Ah yea but with two cards it would still be the same right? I mean it is working as its like i have 1 huge widescreen desktop. And maybe this is the way everyones works but seems kinda crappy to me how everything i open is centered between the two of them so for example videos in media player are cut in half, each half on either monitor. Any alerts/windows that popup are split between the two monitors ect. I want everything to open and work as it did with a single monitor, just opening on my primary monitor. And then id just use my seccond monitor as extra space for more windows if needbe.

And yes im definately going to look into building my own computer once i finish paying off dell (ARGHHH!!!) i got the stupid no down payment computer and was making payments of 26$ a month and never recieved a statement, 2 months ago i finally recieved my first statement and i had paid off a grandtotal of 56$ off of my financing. 

Apparently 22$ of my payment simply went to the interest i was incurring lol. Had i known this i would have paid for it flat out, didnt realize i was gettin hosed with that high of an interest rate. Damn you dell!!!


----------



## McNinja (Jun 22, 2008)

whoa, whoa, maybe this'll cheer you up. I hope you have better luck with your computer buying skillzzz(Z for +5 skills in buying stuff)
http://www.youtube.com/watch?v=xOYjtSumBRo


----------



## magnethead (Mar 18, 2006)

stressfreesoul said:


> Not on the 6200, I have one, it doesn't support dual view (two monitors, with seperate resolutions and attributes).
> The 6600GT supports this (only just). I suggest an upgrade if you want a decent multiple monitor setup.

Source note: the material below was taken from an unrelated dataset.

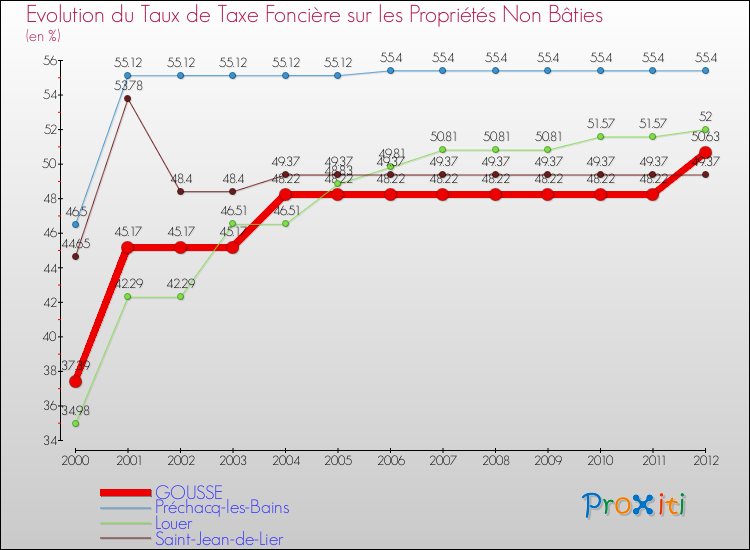 Evolution du taux de la taxe foncière sur les immeubles et terrains non batis pour GOUSSE et les communes proches de 2000 à 2012 Comparaison des taux de la taxe foncière sur les immeubles et terrains non batis pour GOUSSE et les communes voisines de 2000 à 2012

I'm finding posts on google that it does? 

Not sure if it requires multimon, but it should support dual view?


----------



## stressfreesoul (Mar 17, 2008)

Really? Im gonna prod mine then. All I read is it doesn't. I'll get back to you NSH08.


----------



## NeedSomeHelp08 (Jul 27, 2008)

Alright, well if you find out it does lemme know. This is frustrating as hell , trying to watch movies suckkkksss.


----------



## magnethead (Mar 18, 2006)

i dont know what card we have in our church's computer, it's an nvidia PCIe card that doesn't need any auxilary power. Not sure if it's a 6200 or not. 

anywho, it gets very finicky for dualview. projector has to be turned on before computer, and if the projector's cable isn't oriented right (i think it has a short), it will show all options except dualview. S full shut down and restart with the cable moved alittle nets the dualview option back.


----------